Genova. Antonino Galatà, ex amministratore delegato di Spea, già indagato per il crollo del ponte Morandi, indagato anche nell’ambito dell’inchiesta sui falsi report sui viadotti “si è fatto promotore di una politica aziendale volta a favorire gli interessi del gruppo Atlantia determinando per anni da un lato il ritardo e le omissioni delle varie attività necessarie al fine di consentire adeguate attività di sorveglianza sulle opere d’arte e dall’altro la sistematica falsificazione dei verbali delle relazioni trimestrali”.
L’ex ad, era stato temporaneamente spostato in Aspi e poi sospeso da ogni incarico anche per “avere sottoscritto il 28 settembre con gli avvocati Andreano e Freddi un contratto avente per oggetto attività diretta a prevenire intercettazioni presso gli uffici aziendali, nonché attività di bonifica dei pc e di installazione di disturbatori delle intercettazioni da parte degli inquirenti”. Come noto i legali sono indagati per aver fornito ai dipendenti di Spea dei dispositivi Jammer utilizzati per impedire le intercettazioni da parte degli investigatori della guardia di finanza.
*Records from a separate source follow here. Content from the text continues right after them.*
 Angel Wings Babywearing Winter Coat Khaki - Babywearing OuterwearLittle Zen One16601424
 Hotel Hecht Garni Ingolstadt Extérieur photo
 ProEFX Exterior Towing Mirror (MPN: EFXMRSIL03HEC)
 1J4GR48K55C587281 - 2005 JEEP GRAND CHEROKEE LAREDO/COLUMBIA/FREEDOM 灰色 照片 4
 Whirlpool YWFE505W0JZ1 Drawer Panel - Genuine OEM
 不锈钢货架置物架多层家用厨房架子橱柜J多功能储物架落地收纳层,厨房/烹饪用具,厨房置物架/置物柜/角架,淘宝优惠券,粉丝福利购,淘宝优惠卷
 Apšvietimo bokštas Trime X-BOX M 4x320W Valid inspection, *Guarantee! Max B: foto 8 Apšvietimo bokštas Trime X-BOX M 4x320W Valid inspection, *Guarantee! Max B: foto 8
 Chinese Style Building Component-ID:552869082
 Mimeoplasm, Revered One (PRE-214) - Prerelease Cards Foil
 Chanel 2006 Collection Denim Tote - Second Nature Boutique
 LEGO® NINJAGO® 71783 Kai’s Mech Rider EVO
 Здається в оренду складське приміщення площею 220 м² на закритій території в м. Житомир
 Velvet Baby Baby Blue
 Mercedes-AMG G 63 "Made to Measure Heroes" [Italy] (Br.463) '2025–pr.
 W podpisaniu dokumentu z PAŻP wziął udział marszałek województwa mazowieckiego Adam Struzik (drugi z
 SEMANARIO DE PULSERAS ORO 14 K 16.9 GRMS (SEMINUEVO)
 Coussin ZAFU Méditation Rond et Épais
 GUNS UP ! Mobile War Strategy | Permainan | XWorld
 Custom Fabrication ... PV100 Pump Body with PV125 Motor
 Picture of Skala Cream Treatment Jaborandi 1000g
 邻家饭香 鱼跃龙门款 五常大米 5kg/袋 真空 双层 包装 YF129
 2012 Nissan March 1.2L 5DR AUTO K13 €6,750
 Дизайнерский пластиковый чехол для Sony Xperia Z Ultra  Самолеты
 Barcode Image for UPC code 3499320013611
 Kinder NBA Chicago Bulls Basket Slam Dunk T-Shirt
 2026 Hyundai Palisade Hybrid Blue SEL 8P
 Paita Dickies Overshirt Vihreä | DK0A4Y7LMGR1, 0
Rispetto ai mancati controlli, dalle carte del Riesame emerge un altro importante elemento che dimostra, una volta di più come i manager indagati abbiamo volontariamente omesso i controlli. Si tratta di una relazione del Rina del 21 gennaio 2019. Nella relazione viene spiegato come Spea engineering avesse chiesto al Rina una valutazione su 17 opere d’arte in concessione ad Aspi. Spea tuttavia aveva spiegato che “senza usare i by-bridge, piattaforme speciali con un braccio in negativo che consentono di arrivare nella parte inferiore di una porzione di viadotto, la valutazione “non si reputa efficace”.